§ AIM OF THE EXERCISE
When you write out the entries, keep every line exactly as it appears.
━━ PROVIDED RECORDS ━━
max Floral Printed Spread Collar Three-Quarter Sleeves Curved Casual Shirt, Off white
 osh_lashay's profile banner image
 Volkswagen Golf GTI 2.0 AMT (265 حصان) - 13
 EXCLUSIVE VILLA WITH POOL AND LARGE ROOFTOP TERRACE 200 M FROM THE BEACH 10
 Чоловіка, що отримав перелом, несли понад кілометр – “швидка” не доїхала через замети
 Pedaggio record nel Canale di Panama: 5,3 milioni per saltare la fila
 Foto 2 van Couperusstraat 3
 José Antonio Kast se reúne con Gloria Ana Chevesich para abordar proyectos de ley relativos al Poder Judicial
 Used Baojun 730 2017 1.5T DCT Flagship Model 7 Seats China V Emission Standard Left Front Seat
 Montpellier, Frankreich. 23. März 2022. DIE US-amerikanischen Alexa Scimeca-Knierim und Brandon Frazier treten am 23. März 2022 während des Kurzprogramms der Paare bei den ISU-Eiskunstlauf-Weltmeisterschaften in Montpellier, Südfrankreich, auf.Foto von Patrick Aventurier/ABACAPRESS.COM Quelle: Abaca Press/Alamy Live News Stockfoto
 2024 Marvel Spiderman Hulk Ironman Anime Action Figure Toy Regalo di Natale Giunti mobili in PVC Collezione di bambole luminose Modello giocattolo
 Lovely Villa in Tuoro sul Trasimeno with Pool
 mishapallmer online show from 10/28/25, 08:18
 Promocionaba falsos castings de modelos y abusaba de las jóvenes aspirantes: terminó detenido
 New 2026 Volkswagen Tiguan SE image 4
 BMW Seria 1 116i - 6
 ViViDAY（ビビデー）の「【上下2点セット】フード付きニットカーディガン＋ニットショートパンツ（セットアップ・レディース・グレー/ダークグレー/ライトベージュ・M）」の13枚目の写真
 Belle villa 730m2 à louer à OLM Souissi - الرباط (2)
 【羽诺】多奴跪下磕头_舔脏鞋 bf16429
━━━
§ RESPONSE BOX
max Floral Printed Spread Collar Three-Quarter Sleeves Curved Casual Shirt, Off white
 osh_lashay's profile banner image
 Volkswagen Golf GTI 2.0 AMT (265 حصان) - 13
 EXCLUSIVE VILLA WITH POOL AND LARGE ROOFTOP TERRACE 200 M FROM THE BEACH 10
 Чоловіка, що отримав перелом, несли понад кілометр – “швидка” не доїхала через замети
 Pedaggio record nel Canale di Panama: 5,3 milioni per saltare la fila
 Foto 2 van Couperusstraat 3
 José Antonio Kast se reúne con Gloria Ana Chevesich para abordar proyectos de ley relativos al Poder Judicial
 Used Baojun 730 2017 1.5T DCT Flagship Model 7 Seats China V Emission Standard Left Front Seat
 Montpellier, Frankreich. 23. März 2022. DIE US-amerikanischen Alexa Scimeca-Knierim und Brandon Frazier treten am 23. März 2022 während des Kurzprogramms der Paare bei den ISU-Eiskunstlauf-Weltmeisterschaften in Montpellier, Südfrankreich, auf.Foto von Patrick Aventurier/ABACAPRESS.COM Quelle: Abaca Press/Alamy Live News Stockfoto
 2024 Marvel Spiderman Hulk Ironman Anime Action Figure Toy Regalo di Natale Giunti mobili in PVC Collezione di bambole luminose Modello giocattolo
 Lovely Villa in Tuoro sul Trasimeno with Pool
 mishapallmer online show from 10/28/25, 08:18
 Promocionaba falsos castings de modelos y abusaba de las jóvenes aspirantes: terminó detenido
 New 2026 Volkswagen Tiguan SE image 4
 BMW Seria 1 116i - 6
 ViViDAY（ビビデー）の「【上下2点セット】フード付きニットカーディガン＋ニットショートパンツ（セットアップ・レディース・グレー/ダークグレー/ライトベージュ・M）」の13枚目の写真
 Belle villa 730m2 à louer à OLM Souissi - الرباط (2)
 【羽诺】多奴跪下磕头_舔脏鞋 bf16429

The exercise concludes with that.